▶ DESCRIPTION OF THE TASK
Below are some records. Reproduce them exactly from their first line through the line with "Apartamento De 2", inclusive.

▶ TASK MATERIAL
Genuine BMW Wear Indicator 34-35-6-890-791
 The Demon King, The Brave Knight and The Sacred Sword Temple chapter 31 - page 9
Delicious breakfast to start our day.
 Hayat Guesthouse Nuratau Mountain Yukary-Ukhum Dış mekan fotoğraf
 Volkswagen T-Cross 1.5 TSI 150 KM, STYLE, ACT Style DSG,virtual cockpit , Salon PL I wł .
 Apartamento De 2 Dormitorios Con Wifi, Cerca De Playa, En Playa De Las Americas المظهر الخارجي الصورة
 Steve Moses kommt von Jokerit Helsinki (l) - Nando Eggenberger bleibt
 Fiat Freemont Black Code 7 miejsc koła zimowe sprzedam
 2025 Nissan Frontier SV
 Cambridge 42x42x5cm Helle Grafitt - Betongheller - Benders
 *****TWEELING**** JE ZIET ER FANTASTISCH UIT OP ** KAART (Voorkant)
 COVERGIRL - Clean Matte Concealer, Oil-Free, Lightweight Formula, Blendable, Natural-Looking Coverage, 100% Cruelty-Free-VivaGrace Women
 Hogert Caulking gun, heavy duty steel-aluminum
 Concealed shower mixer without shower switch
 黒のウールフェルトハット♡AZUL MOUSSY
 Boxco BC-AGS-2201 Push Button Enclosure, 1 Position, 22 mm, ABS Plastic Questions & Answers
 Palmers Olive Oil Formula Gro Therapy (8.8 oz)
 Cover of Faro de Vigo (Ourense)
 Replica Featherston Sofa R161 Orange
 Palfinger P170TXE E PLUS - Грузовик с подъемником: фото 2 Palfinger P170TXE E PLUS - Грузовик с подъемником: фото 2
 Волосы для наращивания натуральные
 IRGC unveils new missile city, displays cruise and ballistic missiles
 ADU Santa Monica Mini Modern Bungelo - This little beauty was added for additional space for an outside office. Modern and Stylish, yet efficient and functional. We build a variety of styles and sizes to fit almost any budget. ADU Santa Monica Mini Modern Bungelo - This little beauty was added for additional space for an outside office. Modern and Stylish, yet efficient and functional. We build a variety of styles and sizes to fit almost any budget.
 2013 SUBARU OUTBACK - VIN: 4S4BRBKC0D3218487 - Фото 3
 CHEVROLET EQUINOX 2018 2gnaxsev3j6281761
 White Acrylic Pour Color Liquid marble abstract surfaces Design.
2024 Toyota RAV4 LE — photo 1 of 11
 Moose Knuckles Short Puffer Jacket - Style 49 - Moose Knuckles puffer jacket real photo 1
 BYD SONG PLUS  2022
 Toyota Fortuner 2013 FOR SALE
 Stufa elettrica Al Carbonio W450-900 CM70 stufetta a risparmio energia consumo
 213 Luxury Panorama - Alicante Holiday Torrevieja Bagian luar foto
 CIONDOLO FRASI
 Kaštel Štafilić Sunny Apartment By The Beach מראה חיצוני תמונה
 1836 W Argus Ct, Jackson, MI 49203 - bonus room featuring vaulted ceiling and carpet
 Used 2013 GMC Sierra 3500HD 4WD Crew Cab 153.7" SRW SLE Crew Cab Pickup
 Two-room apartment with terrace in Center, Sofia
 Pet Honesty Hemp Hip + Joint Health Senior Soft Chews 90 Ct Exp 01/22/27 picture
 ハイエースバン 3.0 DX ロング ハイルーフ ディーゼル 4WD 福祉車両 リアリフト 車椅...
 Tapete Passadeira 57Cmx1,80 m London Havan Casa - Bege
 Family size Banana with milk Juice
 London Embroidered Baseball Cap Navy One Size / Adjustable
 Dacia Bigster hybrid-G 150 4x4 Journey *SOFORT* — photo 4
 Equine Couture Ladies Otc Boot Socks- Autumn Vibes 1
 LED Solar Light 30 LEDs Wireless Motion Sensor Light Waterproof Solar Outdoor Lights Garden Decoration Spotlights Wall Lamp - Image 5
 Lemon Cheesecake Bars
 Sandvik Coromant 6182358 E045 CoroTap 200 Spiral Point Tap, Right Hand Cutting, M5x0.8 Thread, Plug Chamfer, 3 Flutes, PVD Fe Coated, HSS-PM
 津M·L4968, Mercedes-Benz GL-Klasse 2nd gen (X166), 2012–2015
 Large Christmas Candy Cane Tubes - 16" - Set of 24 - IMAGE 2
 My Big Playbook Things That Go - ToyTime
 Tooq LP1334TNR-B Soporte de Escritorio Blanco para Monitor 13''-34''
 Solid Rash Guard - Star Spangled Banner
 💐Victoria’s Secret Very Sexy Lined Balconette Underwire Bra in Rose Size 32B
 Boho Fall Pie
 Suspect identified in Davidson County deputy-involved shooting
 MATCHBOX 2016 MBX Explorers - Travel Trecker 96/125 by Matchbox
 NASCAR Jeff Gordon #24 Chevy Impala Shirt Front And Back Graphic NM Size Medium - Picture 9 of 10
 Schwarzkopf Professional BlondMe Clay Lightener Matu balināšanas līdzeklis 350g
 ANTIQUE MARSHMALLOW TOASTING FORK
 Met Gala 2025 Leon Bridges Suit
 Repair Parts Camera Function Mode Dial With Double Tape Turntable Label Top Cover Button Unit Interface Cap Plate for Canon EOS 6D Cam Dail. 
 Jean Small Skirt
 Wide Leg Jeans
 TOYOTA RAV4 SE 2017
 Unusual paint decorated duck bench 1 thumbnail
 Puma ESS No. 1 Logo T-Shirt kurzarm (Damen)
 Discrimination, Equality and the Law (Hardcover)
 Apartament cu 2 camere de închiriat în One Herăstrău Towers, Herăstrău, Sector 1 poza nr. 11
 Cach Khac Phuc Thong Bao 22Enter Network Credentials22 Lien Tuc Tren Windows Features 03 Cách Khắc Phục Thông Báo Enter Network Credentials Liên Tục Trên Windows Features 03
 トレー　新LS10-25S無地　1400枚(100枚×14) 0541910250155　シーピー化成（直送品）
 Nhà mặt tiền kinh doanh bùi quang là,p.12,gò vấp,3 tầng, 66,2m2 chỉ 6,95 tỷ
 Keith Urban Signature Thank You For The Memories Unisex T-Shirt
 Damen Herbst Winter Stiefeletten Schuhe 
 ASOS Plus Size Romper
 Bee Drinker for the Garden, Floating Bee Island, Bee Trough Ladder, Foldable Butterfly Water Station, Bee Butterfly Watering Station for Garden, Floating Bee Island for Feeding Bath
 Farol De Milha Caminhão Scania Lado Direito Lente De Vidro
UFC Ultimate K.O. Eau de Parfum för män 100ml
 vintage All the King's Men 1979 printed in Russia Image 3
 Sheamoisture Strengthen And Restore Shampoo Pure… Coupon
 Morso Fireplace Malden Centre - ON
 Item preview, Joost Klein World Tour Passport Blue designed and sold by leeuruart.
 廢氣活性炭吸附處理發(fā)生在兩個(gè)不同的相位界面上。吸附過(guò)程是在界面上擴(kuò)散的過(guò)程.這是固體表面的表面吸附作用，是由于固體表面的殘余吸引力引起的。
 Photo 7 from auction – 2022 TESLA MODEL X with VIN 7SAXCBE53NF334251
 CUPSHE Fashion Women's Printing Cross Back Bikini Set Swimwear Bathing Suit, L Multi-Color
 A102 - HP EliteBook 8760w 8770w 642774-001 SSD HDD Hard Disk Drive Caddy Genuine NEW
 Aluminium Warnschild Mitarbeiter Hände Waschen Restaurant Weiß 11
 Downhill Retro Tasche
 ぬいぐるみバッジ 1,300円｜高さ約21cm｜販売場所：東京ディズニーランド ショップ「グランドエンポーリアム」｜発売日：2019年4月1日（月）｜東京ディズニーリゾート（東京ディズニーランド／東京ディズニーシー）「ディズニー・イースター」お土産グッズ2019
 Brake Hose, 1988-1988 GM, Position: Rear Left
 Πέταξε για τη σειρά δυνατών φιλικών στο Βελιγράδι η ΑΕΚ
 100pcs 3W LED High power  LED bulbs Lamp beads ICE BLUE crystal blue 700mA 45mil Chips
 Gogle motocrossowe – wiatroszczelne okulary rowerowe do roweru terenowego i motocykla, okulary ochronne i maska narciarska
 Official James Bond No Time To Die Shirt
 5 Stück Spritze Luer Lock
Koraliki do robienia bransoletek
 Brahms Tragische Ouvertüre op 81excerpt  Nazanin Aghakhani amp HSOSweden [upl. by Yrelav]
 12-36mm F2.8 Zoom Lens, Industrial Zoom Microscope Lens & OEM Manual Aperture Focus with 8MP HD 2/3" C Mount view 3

▶ TASK SOLUTION
Genuine BMW Wear Indicator 34-35-6-890-791
 The Demon King, The Brave Knight and The Sacred Sword Temple chapter 31 - page 9
Delicious breakfast to start our day.
 Hayat Guesthouse Nuratau Mountain Yukary-Ukhum Dış mekan fotoğraf
 Volkswagen T-Cross 1.5 TSI 150 KM, STYLE, ACT Style DSG,virtual cockpit , Salon PL I wł .
 Apartamento De 2 Dormitorios Con Wifi, Cerca De Playa, En Playa De Las Americas المظهر الخارجي الصورة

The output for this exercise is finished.